It is now that I understand (in scientific
terms) that the soluble properties of me
have been meted out and dwindle with a
precise degree of certainty.

Shocking! In short, I am progressively
dissolving microscopically, albeit naturally.


Chris Hanch 4-30-17

Saturday, April 29, 2017

The Process


If you saw me today, you might ask,
What in hell happened to you? And
I would tell you that since we last met
(which was several years ago), I was
Bitten on both ankles by a rabid badger;

I was pecked repeatedly in the eyes by
An emu passing by. Just how many
Years has it been, I would ask because
My condition depends upon where or
When we had our last encounter? A

Couple of years ago, a rotating windmill
Took me off at the knees. Three or four
Years back, my face went through an
Atomic attack, Since then I have never
Been the same. You may have noticed

How many years the President ages the
Longer he holds office—graying hair and
Wrinkles invading his face. Stress has a
Great deal to do with the aging affect,
All the experts will agree. As for me,

Smoking and drink have accelerated
The process, I’d say. And consistently
Breathing in and out each day has defi-
nitely been a contributing factor at play.
I just added the badger for effect. With-

Out that detail, my condition would
Seem far less dramatic. Life becomes
More exciting when you introduce an
Outrageous event or two into the mix.
The windmill thing just doesn’t ring

Authentic to me. And to casually admit
That I’m seventy years old, what in hell
Did you expect? Well frankly, that would
Be just ho-hum boring. Besides, should I
Meet you by chance on the street after all

These years, I would most assuredly have
My questions of you. What on God’s green
Earth, Old Friend, has happened to you?
Let me guess...You’re a work in progress too.


Chris Hanch 4-29-17

Thursday, April 27, 2017

Rules which Apply


Rules. We obey them when we choose. In some cases,
Should we not comply, we loose. Should the rule be law,
One could be subject to a fine or some jail time. There
Are basic rules in tying your shoes. When tied properly

The strings will abide and keep the shoe and foot snug
And fitting. As a student in primary school we learned
That vowels are A, E, I, O, U and sometimes Y. Fly, Sky,
Try, and others such as Why explain the rule here that

Applies. And the plural of “applies” happens to be “apply.”
That’s a whole different rule in which the Y may or may
Not apply. This all involves the complexities and idiosyn-
Crasies of the English language. I brought this rule to light

In order to use the word, idiosyncrasies, which is not that
Easy to spell or apply, but it does include as a vowel,
Mind you, a Y.


Chris Hanch 4-27-17 

Tuesday, April 25, 2017

Ready or Not


It took a lot to get me here. It took a lot to
finally make up my mind. It took a lot to
sort through my belongings and pack my bags,
leaving behind what I did not need to bring
along with me as basic necessity.

Some may think it should have been easy,
but believe me, it took a lot to get me here.
It took a lot for me to uproot my deeply
seeded beliefs, to take on a vision which
initially seemed completely foreign to me.

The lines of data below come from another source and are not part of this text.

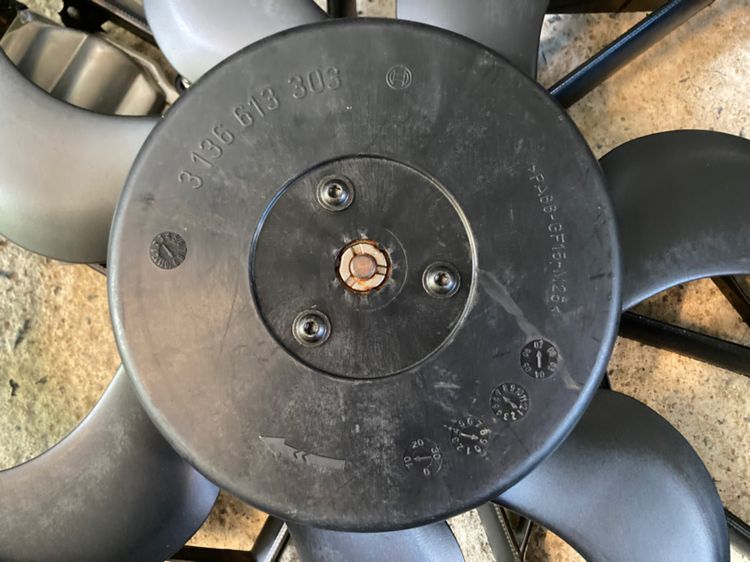 พัดลมไฟฟ้า มอเตอร์ Volvo S60 S80 S70 V70 XC90 0130303909 และ 1137328081 30636445 30647253 8623733 8623735 8649522 8649634 8649675 รูปที่ 11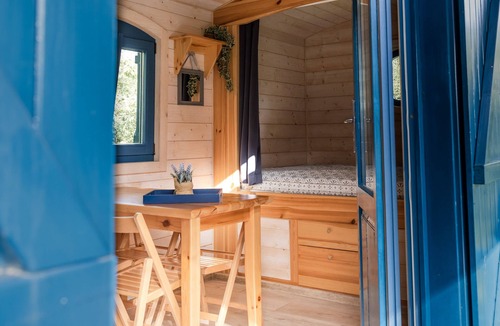 Chammes Bed & Breakfast | Le Moulin des Forges - Chambres d'Hôtes et Roulottes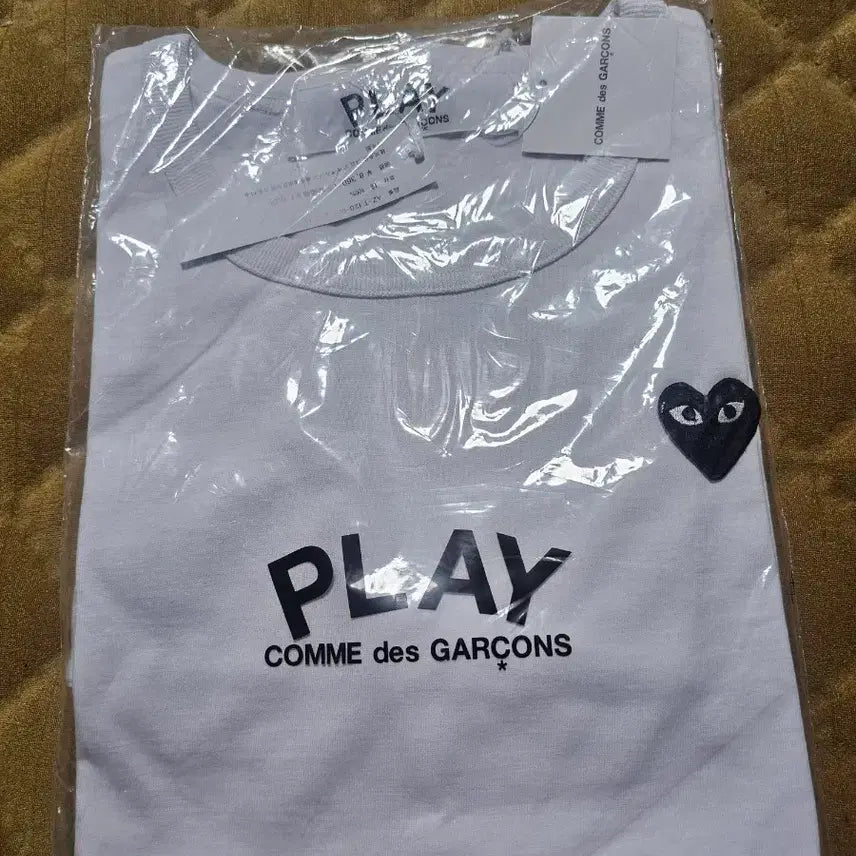 [BUNJANG] Comme des Garcons PLAY White Long Sleeve T-shirt (Black Emblem) XL / 꼼데가르송 PLAY 흰색 긴팔 티셔츠 블랙와펜xl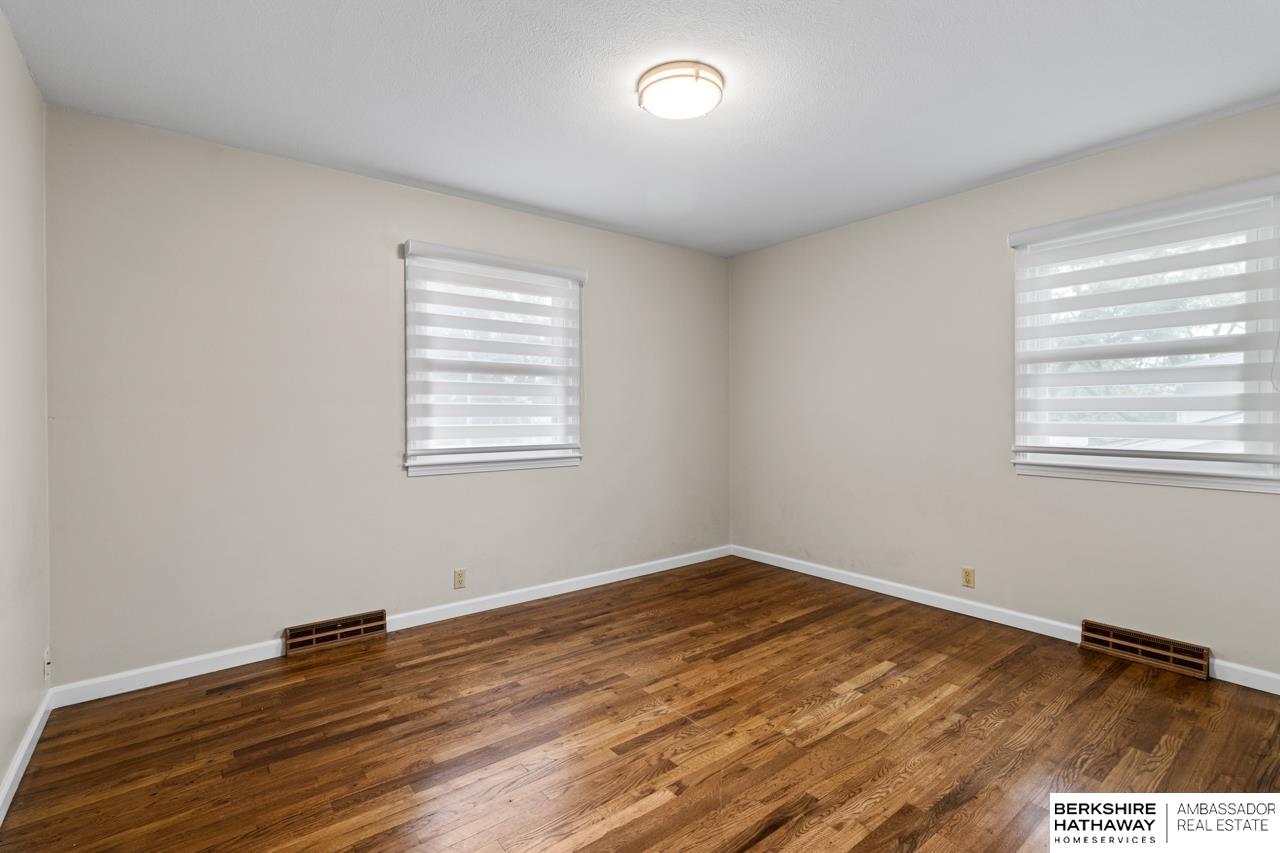 Omaha, Nebraska 68154, United States, 3 Bedrooms Bedrooms, ,2 BathroomsBathrooms,Residential,Active,173009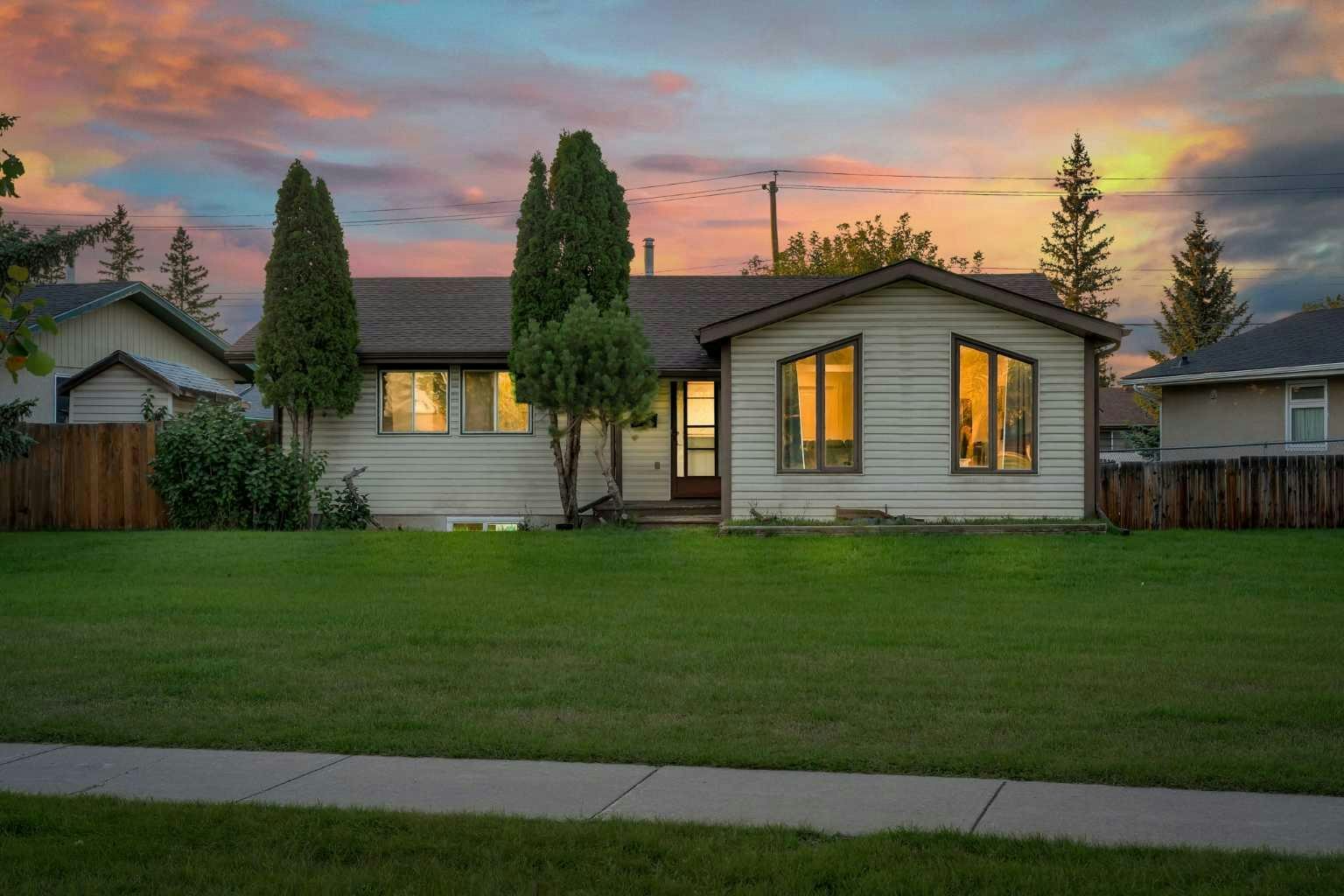 6036 Memorial Drive NE, Calgary, AB, T2A 3W1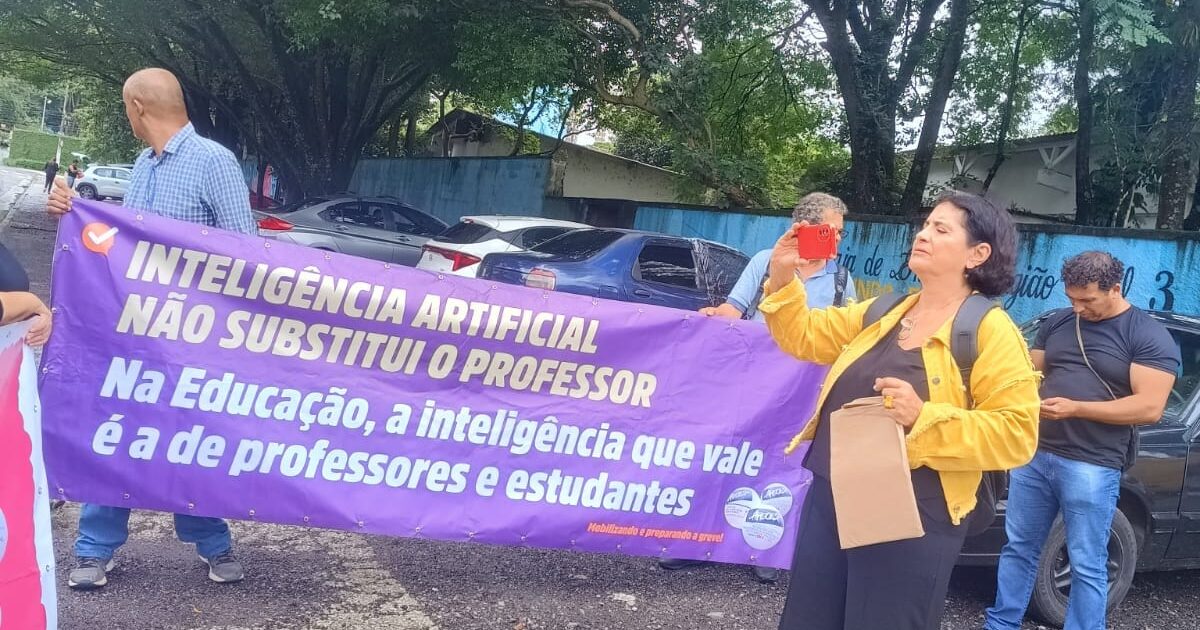 APEOESP SUBSEDE SUL SANTO AMARO esteve ontem 03/02/25 pela manhã no Jardim Miriam na inauguração de uma escola pública EE Cidade Julia II e deixou sua pauta de reivindicações para o secretário Feder.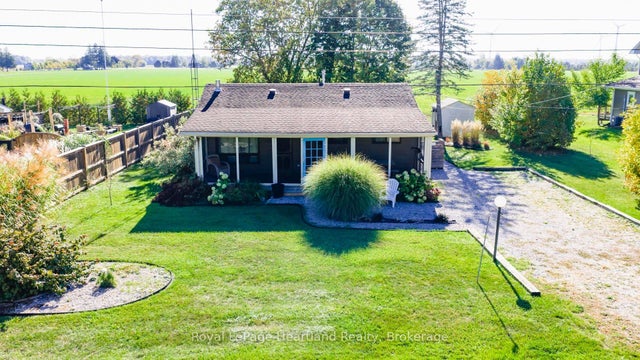 71702 Old Cedarbank Lane, Bluewater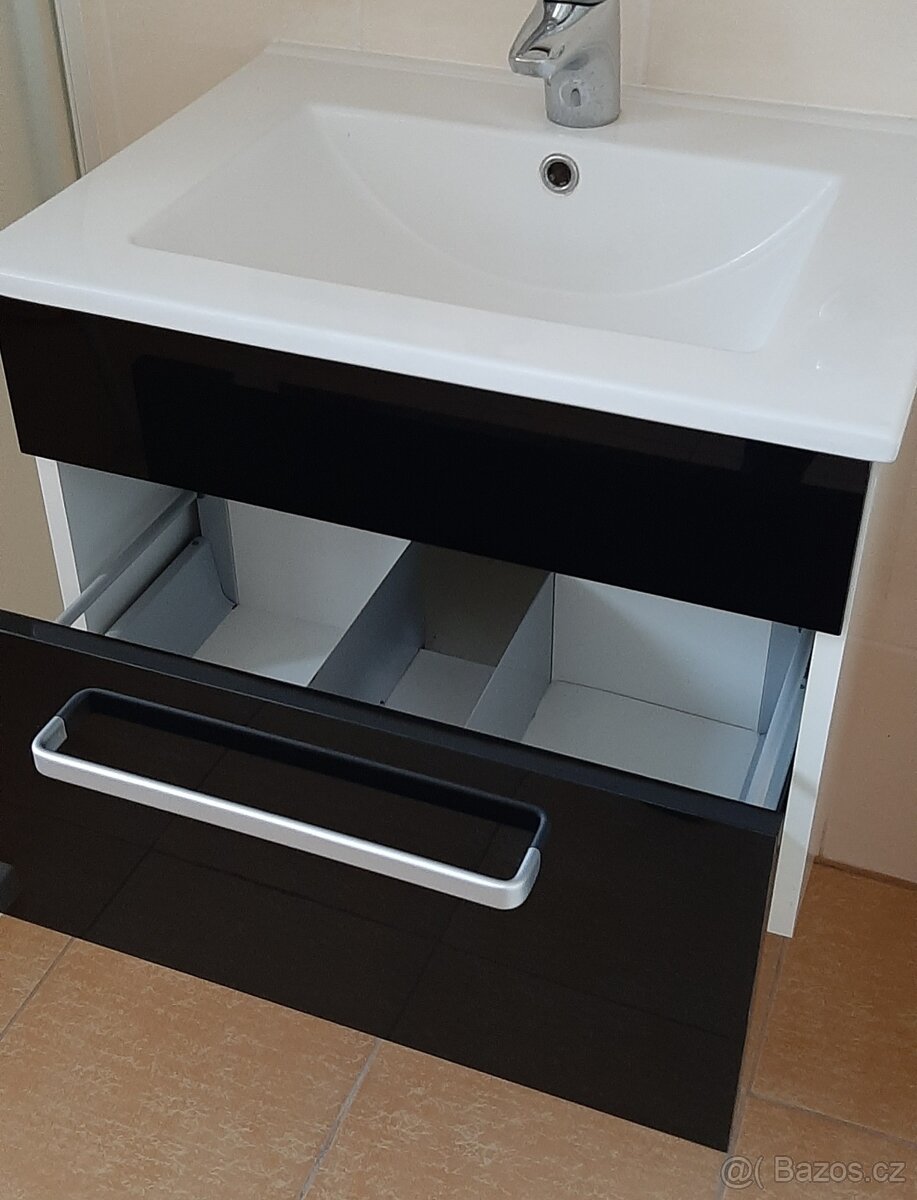 Umyvadlo se skříňkou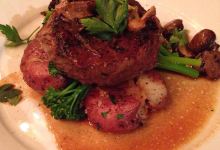 Purple Cafe And Wine Bar美食图片
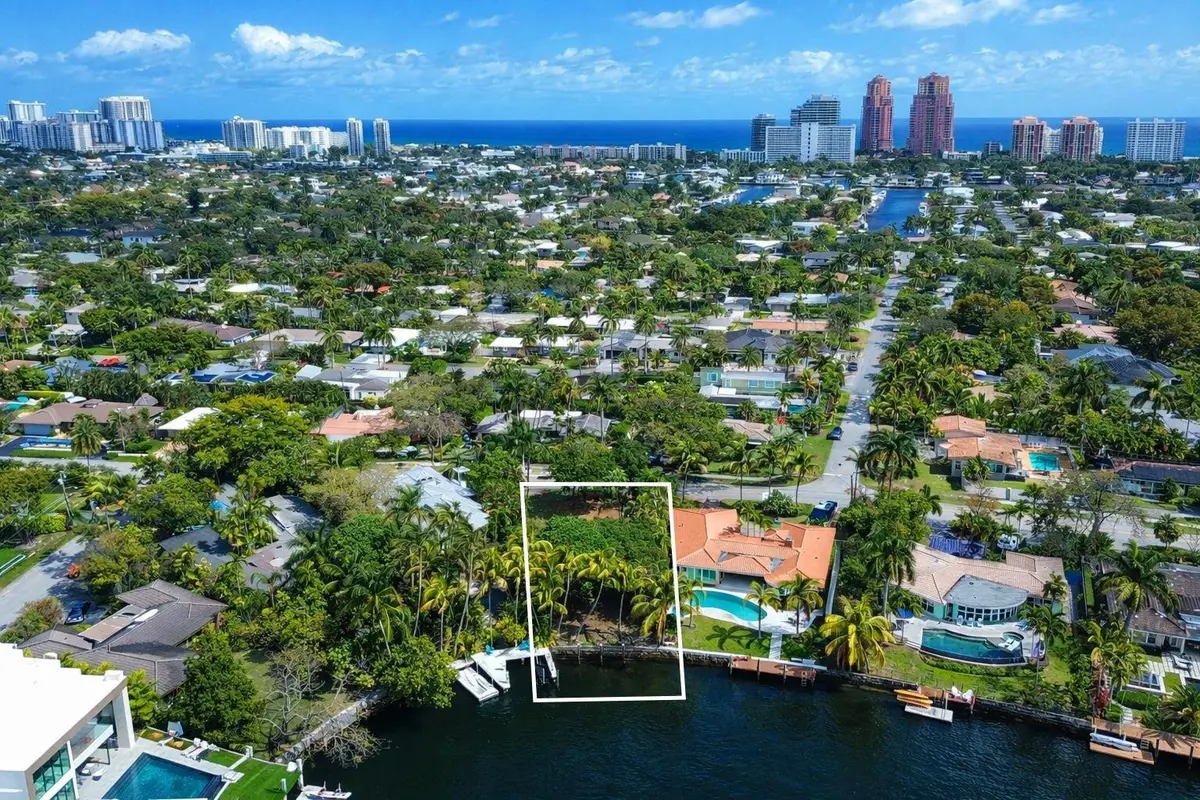 Photo 6 at 2405 MIDDLE RIVER Drive, Fort Lauderdale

To do such a thing, for me at least, took a lot,
moving from the secure field of familiarity
into that vast ocean of the unknown. It took a
lot to leave behind everything I had ever known.
At the time I was green and only seventeen.

It took a hell of lot to walk out the door and leave
my home behind. Looking back on it after all these
years, one tends to forget what it actually took to do
what needed to be done. And by god, whether ready
or not, sometimes it takes a lot.

Chris Hanch 4-25-17



Monday, April 24, 2017

Revelation


There is a comfort in talking about old times.
Often, even the worst of times are appreciated
In their passing. I find myself most at ease when
Remembering the way things were over time.
Relaxed in thought, even sore shoulders and
Aching hips temporarily relinquish their pain.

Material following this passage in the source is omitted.